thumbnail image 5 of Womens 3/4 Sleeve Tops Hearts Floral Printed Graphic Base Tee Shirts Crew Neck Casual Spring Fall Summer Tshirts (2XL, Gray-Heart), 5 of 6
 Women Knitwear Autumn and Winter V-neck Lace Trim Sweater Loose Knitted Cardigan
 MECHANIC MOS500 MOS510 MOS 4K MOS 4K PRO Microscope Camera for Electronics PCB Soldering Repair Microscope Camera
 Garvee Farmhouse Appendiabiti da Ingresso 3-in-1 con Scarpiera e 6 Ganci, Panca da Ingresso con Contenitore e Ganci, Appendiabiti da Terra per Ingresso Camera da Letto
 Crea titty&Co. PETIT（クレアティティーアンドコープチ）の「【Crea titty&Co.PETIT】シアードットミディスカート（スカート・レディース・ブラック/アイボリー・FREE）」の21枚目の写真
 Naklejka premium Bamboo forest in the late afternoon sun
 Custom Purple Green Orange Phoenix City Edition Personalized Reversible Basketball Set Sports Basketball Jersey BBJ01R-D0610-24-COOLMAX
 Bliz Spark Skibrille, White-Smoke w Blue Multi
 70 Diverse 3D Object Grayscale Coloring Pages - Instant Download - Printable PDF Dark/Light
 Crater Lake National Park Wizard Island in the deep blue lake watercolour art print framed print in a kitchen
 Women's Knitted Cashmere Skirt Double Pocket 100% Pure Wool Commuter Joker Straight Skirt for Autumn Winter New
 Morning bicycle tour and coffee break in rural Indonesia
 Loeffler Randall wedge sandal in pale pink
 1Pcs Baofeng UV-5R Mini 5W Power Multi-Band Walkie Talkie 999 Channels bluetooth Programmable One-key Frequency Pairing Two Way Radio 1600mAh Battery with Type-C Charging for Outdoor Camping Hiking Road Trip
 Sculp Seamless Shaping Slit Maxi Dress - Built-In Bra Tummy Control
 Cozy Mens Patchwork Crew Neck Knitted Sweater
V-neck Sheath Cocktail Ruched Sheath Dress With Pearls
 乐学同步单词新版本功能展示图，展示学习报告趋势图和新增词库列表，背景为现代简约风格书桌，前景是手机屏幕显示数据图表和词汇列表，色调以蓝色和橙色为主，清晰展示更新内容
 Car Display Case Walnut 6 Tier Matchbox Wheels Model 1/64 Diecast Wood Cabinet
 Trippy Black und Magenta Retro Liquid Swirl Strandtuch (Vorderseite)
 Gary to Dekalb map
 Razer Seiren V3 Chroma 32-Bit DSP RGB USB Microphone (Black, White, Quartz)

▶ [Work instruction]
Quote exactly the lines running from the start of the listing above through the line where "MECHANIC MOS500 MOS510" is found, and output no other lines.

▶ [Task answer]
thumbnail image 5 of Womens 3/4 Sleeve Tops Hearts Floral Printed Graphic Base Tee Shirts Crew Neck Casual Spring Fall Summer Tshirts (2XL, Gray-Heart), 5 of 6
 Women Knitwear Autumn and Winter V-neck Lace Trim Sweater Loose Knitted Cardigan
 MECHANIC MOS500 MOS510 MOS 4K MOS 4K PRO Microscope Camera for Electronics PCB Soldering Repair Microscope Camera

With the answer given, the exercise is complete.